Picture this scenario:
You’ve just arrived to work on Monday morning (it’s 2020, so by “work” we mean you’ve moved from your bed to your kitchen table). You boot up your computer excited to start working on a new coding project. You just know that this is going to be the thing that impresses your boss and gets you a promotion.
But, just as you open your email, you get a Prometheus alert. You see “high memory usage” and know what this means…your entire day will now be spent on:
- Investigating this bug
- Creating a fix
- Testing and more testing
- And then just maybe pushing a working new version to production
You resign yourself to the task at hand, and finally, after many more cups of coffee and hours of work you’ve solved the problem. At least you think so – it works in the local environment that you’ve created to test it. But, of course, you can’t completely replicate the customer’s environment with their full load.
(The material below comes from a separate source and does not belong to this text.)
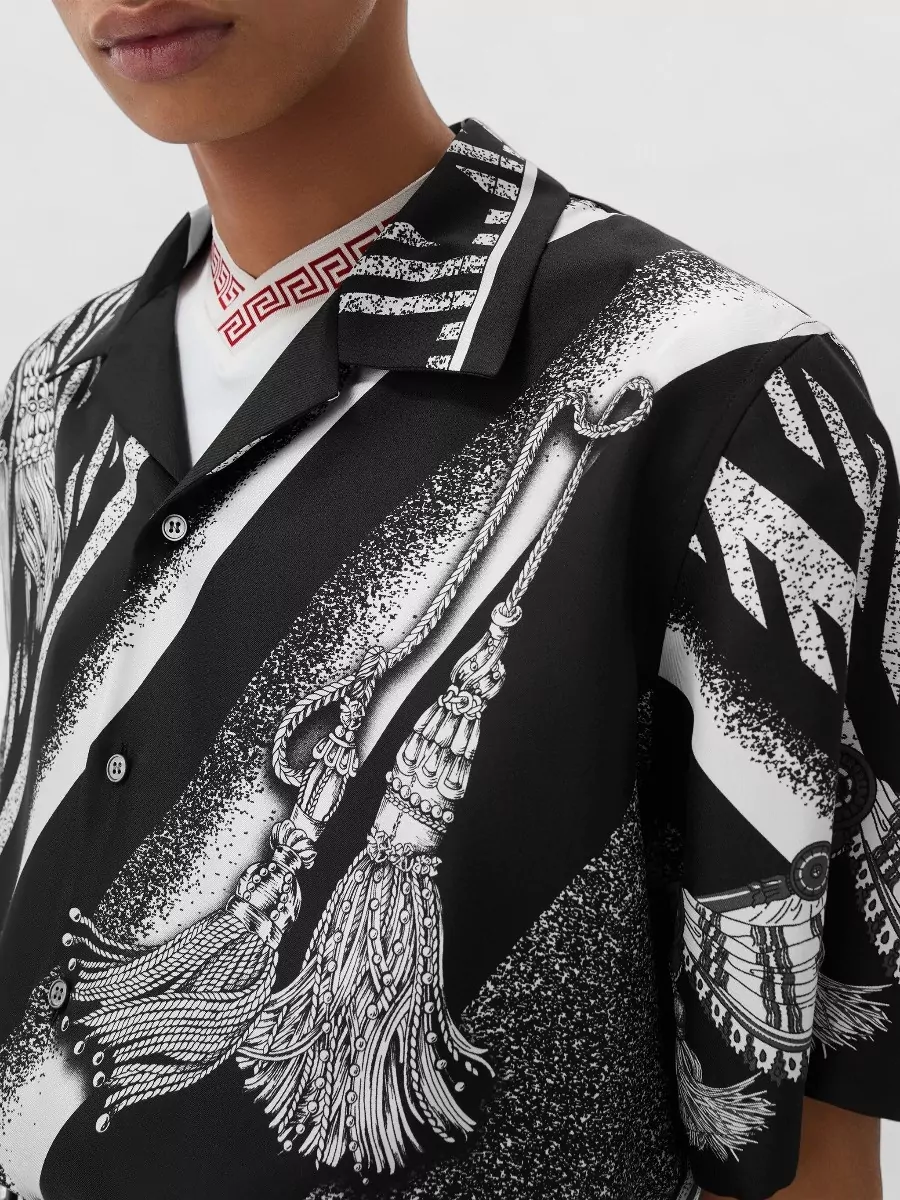 Versace Printed Silk Short-Sleeve Shirt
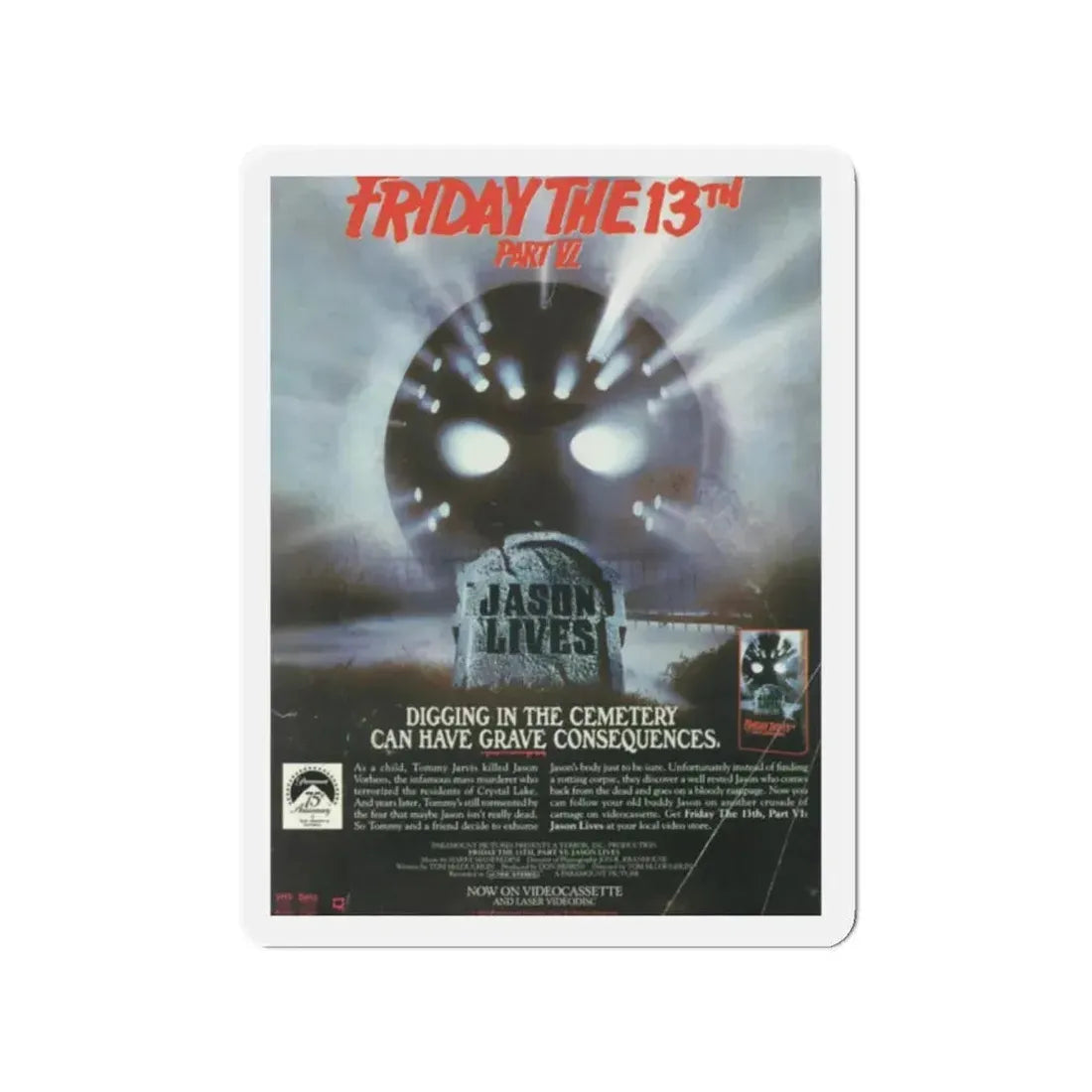 FRIDAY THE 13TH PART VI - JASON LIVES (VIDEO) 1986 Movie Poster - Refrigerator Magnet 2 Inch - The Sticker Space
Your hard-earned fix still has to go through the entire pipeline before it can be deployed in production. Because it’s not even a high priority item, this whole process could take days, with your new project getting pushed to the back burner every time you have to stop and address a new failed test.
What Could be Different:
Sure, the traditional CI/CD pipeline is an improvement over other more manual methods that are less agile. It is also, of course, important to have safeguards in place in order to make sure that one rogue bug doesn’t destroy an entire system. The last thing anyone wants is an unhappy customer.
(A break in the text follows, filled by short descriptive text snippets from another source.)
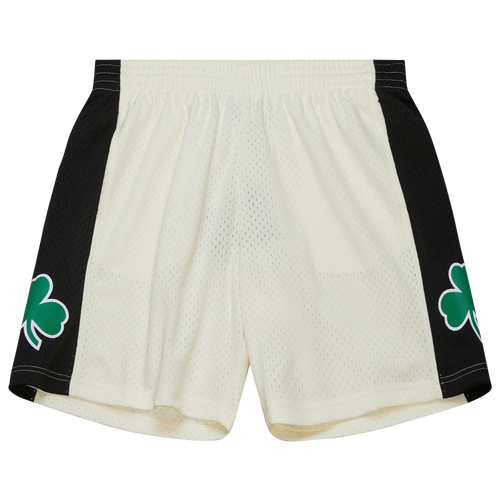 

Mitchell & Ness Mens Boston Celtics Mitchell & Ness Celtics Cream Shorts - Mens Off White/White/White Size XL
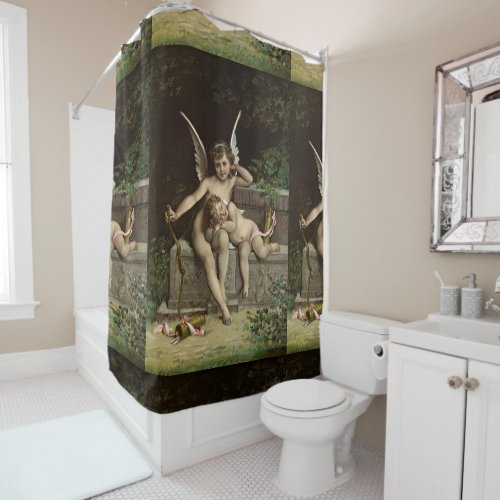 2 retro cupids sitting shower curtain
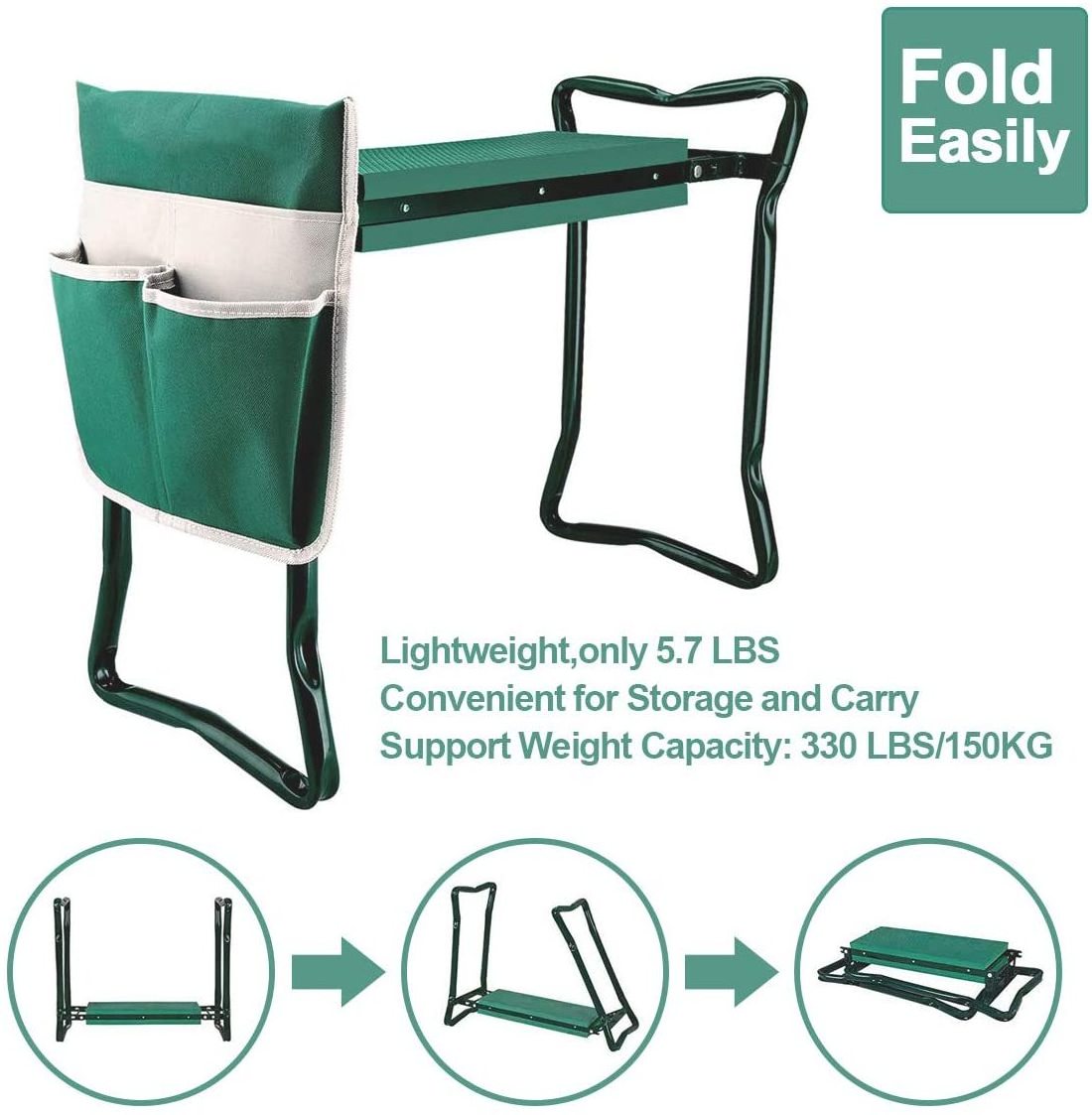 Garden Kneeler and Seat Bench Stools Foldable Stool with Bag Pouch EVA Foam Pad Protects Your Knees Outdoor Portable Kneeler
But, one of the secrets to a happier customer is an effective engineer. Engineers want to write new code and provide new upgrades rather than debugging and testing. The less time they spend on the mind-numbing tasks and the more time they spend coming up with new features, the happier the customer and the greater the company’s bottom line.
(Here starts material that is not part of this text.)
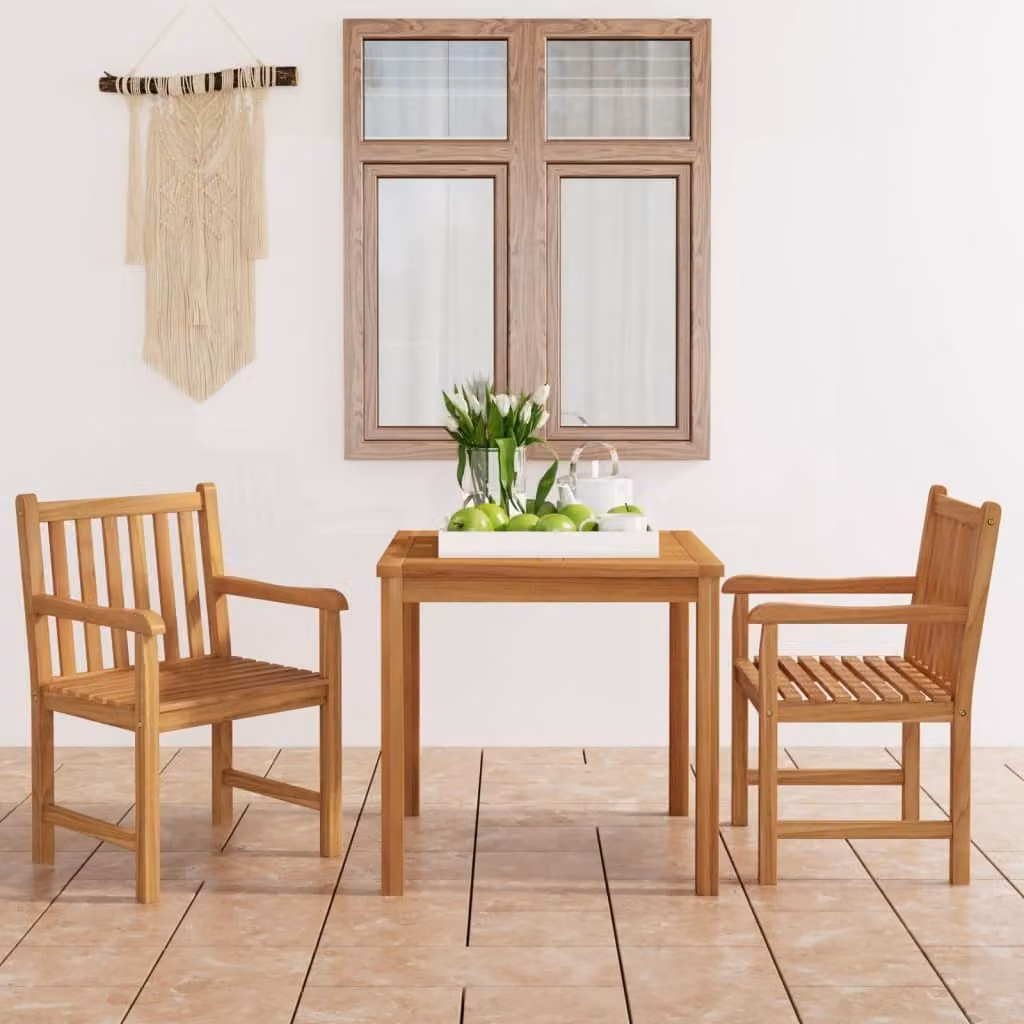 Maison Exclusive - Set da pranzo da giardino 3 pezzi 80 x 80 cm in legno massello di teak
Imagine a world in which the scenario above could have gone much differently:
- The high memory usage bug was reported
- Logs and metrics could be added in real-time without creating any downtime
- The cause of the bug could be found quickly and then the fix could be made directly in production
The entire process would have been cut down from days to hours or even minutes. And the engineer in our example above could have gotten that promotion after all!